Nachdem alle Kabel, Schläuche, Gas– und Chokerzüge angeschlossen waren, gab es den ersten Startversuch. Da die Flavia serienmäßig eine elektrische Benzinpumpe hat, war das Starten eine leichte Übung. Nachdem ich vorerst ohne Zündung und Zündkerzen den Motor leer durchdrehen ließ, um vor dem ersten Anspringen schon Öldruck zu haben, war der erste richtigen Startversuch nur mehr eine pro-Forma-Sache. Der Motor sprang sofort an und schnurrte vom ersten Augenblick wunderbar vor sich hin.

Nun stand einer Probefahrt fast (!) nichts mehr im Weg. Reifen besorgt und auf die neu lackierten Felgen montiert. Sitze eingebaut – das überholte Lenkrad und Armaturenbrett wieder montiert und los ging es.

Ganz vorsichtig fuhr ich die ersten Meter – jedes Geräusch, jeder Knackser wurde registriert, aber die Flavia überlebte die ersten Meter großartig. Zur Sicherheit zog ich alle Schrauben noch einmal nach, bevor ich mich auf eine größere Runde wagte. Dabei tauchte das erste Problem auf, das mich noch lange verfolgen sollte. Die Bremsanlage funktionierte nicht so, wie ich es mir vorgestellt hatte. Ich identifizierte den Hauptbremszylinder als Ursache. Also noch einmal zerlegen. Sämtliche Manschetten des HBZ hatten sich aufgelöst. Scheinbar war das Manschettenmaterial überaltert und die neue Bremsflüssigkeit hatte sie aufgelöst. Ich besorgte mir neue Manschetten. Nach der nächsten Probefahrt war die Bremse zwar wesentlich besser, aber noch immer nicht so, wie ich das von einer Flavia-Bremse gewohnt war. Diesmal war ich mit meinem Latein am Ende.

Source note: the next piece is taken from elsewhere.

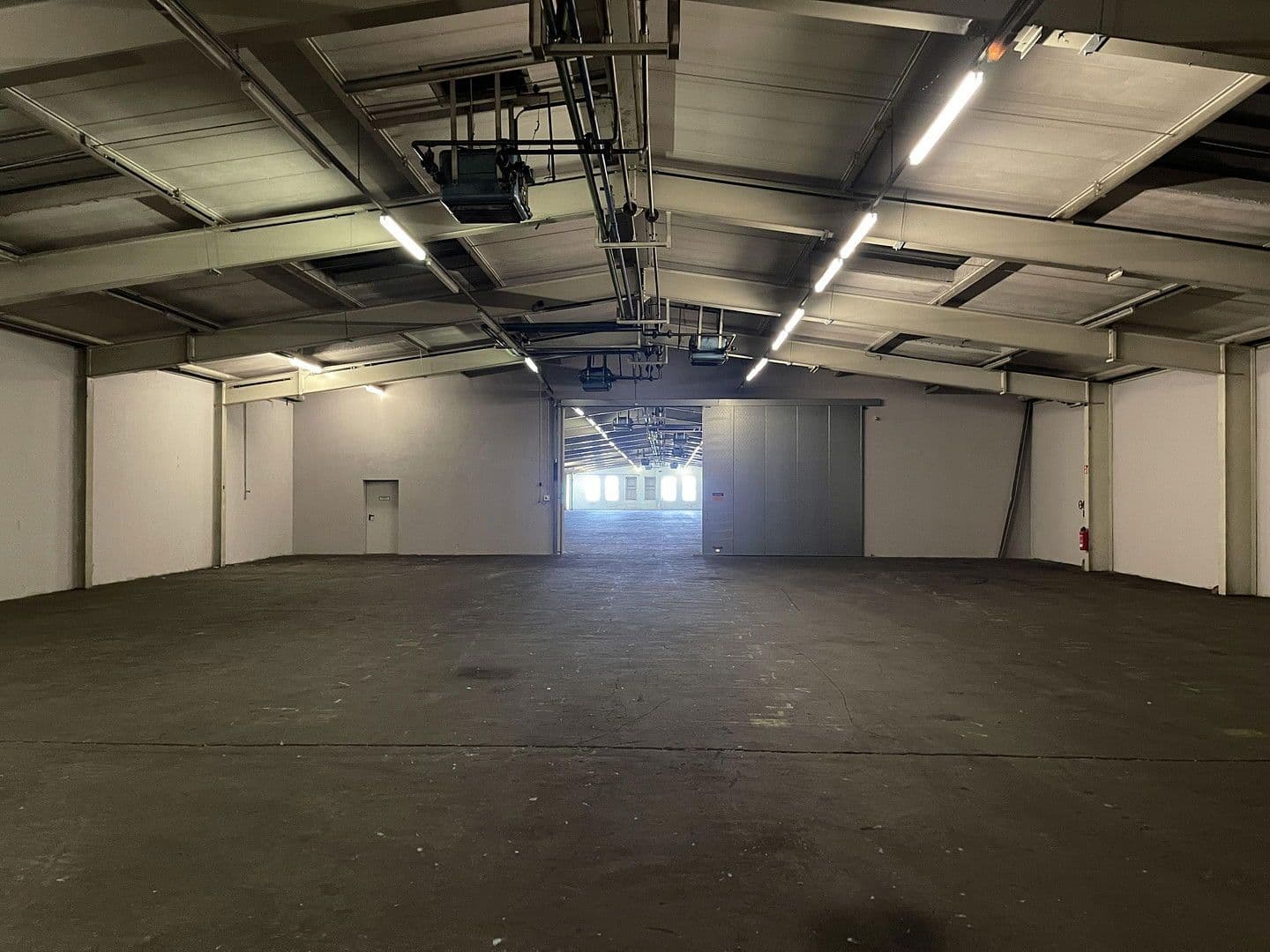 Prenájom nebytového priestoru 10.430 m², Im Gewerbepark 1, Hunderdorf, Bavorsko Prenájom nebytového priestoru 10.430 m², Im Gewerbepark 1, Hunderdorf, Bavorsko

Auferstehung Flavia Coupé – das Sorgenkind

Ich holte Bremsexperten zu mir in die Werkstatt, keiner von ihnen wusste so wirklich Rat. Da die Ennstal-Classic im Juli immer näher rückte und mir die Zeit davonlief, wechselte ich kurzfristig das Auto zur Ennstal-Classic. (siehe Ennstal-Bericht 2017). Nach der Rallye befasste ich mich intensiv mit der Bremse, erst nach langer Suche wurde ich fündig. Schuld war eine „Überrestaurierung“. Das Servogerät war besser überholt worden als es seinerzeit gebaut wurde und hier entstand die Fehlerquelle.

 Jetzt konnte ich endlich beruhigt die Fahrt mit der Flavia genießen.

 

Auferstehung Flavia Coupé – Herbst 2017

Die Ennstal–Classic 2018 war ein Genuss und außer einem „Fingerhut“ Öl nachfüllen, musste ich während der ganzen Veranstaltung nichts tun.

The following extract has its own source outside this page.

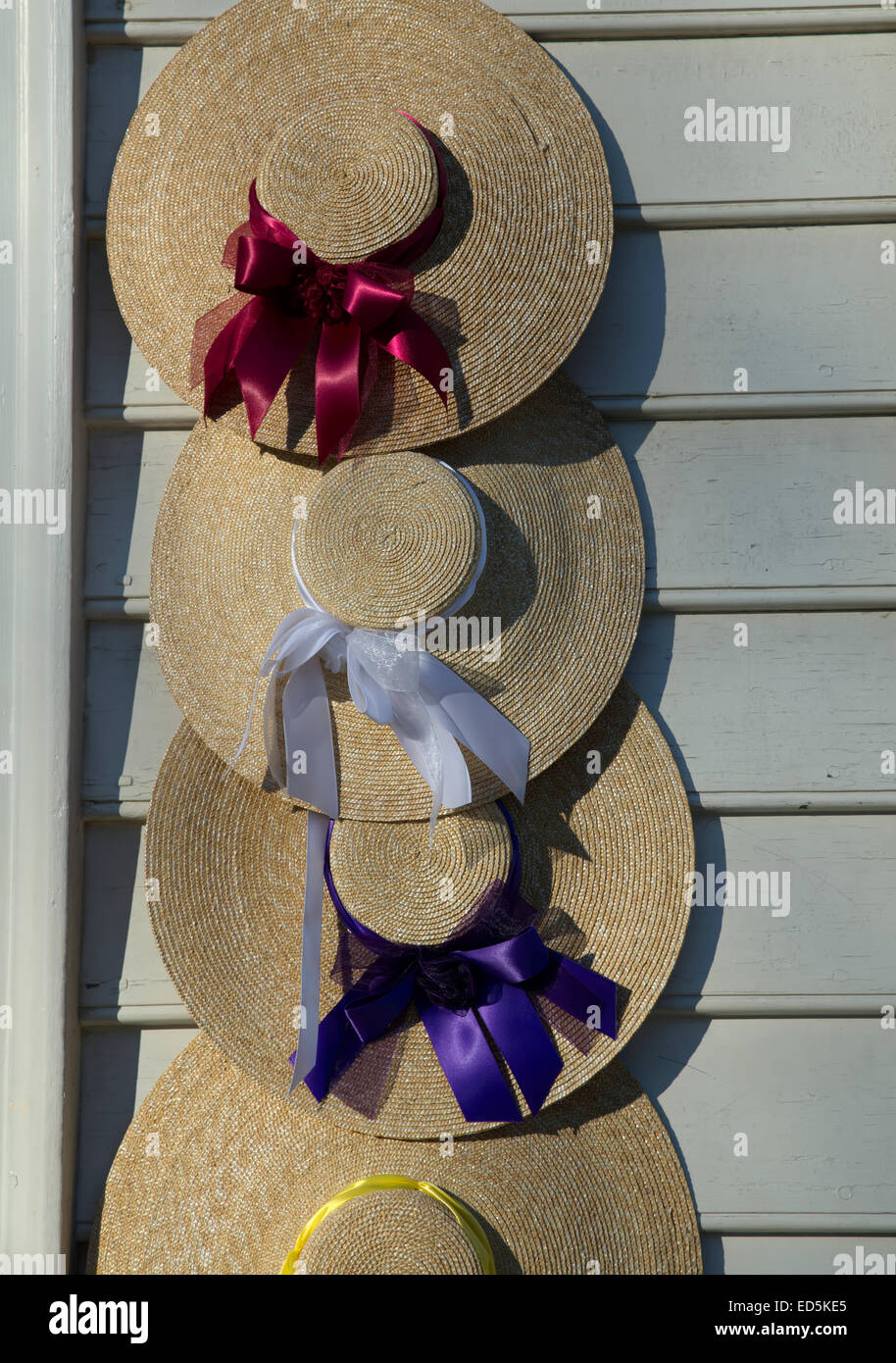 Colonial Women’s Straw Hats Stock Photo - Alamy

Ennstal-Classic 2018 – Flavia am Start auf dem Salzburgring

Mittlerweile habe ich schon einige tausend Kilometer abgespult. Jeden Meter, den ich zurücklege, genieße ich. Eine größere Reise hat mich problemlos ins Geburtsland meiner Flavia gebracht, auch sie hat sich dort sehr wohlgefühlt.
Leistungsmäßig ist die Flavia zwar kein Riese, aber ein sehr bequemes  Reiseauto (das hatten auch die Tester vor mehr als 50 Jahren festgestellt). Der Kofferraum bringt mich jedes Mal zum Staunen, was da alles in die Flavia hinein passt.

Abschließend bedanke ich mich bei den vielen Helfer, die mir immer wieder Mut zusprachen, wenn ich „leicht“ verzweifelt war. Egal, ob ein ehemaliger Mitarbeiter, mein Garagennachbar oder Martin Oehler, der wie immer eine perfekte Elektrik in meine Flavia hineinzauberte. Last but not least bedanke ich mich bei meiner Frau Claire, die mich monatelang immer nur morgens und abends sah. Sie hat sich wahrlich den größten Dank verdient!

Wahrscheinlich hätte ich in Italien ein billigeres Auto bekommen können, aber ein mit so viel Liebe und Hingabe restauriertes Fahrzeug sicherlich nicht.

Ein Rat zum Schluss:  Wer die Möglichkeit hat, eine komplette Restaurierung selbst zu machen oder zu mindestens diese intensiv zu begleiten, sollte dies tun. Bei so einer Restaurierung lernt man seinen Lancia bis ins letzte Detail kennen und vor allem ist man dann mit der Technik bestens vertraut. Das kann sich nur positiv auswirken und das Fahren mit dem selbst restaurierten Lancia wird zu einem noch größeren Genuss.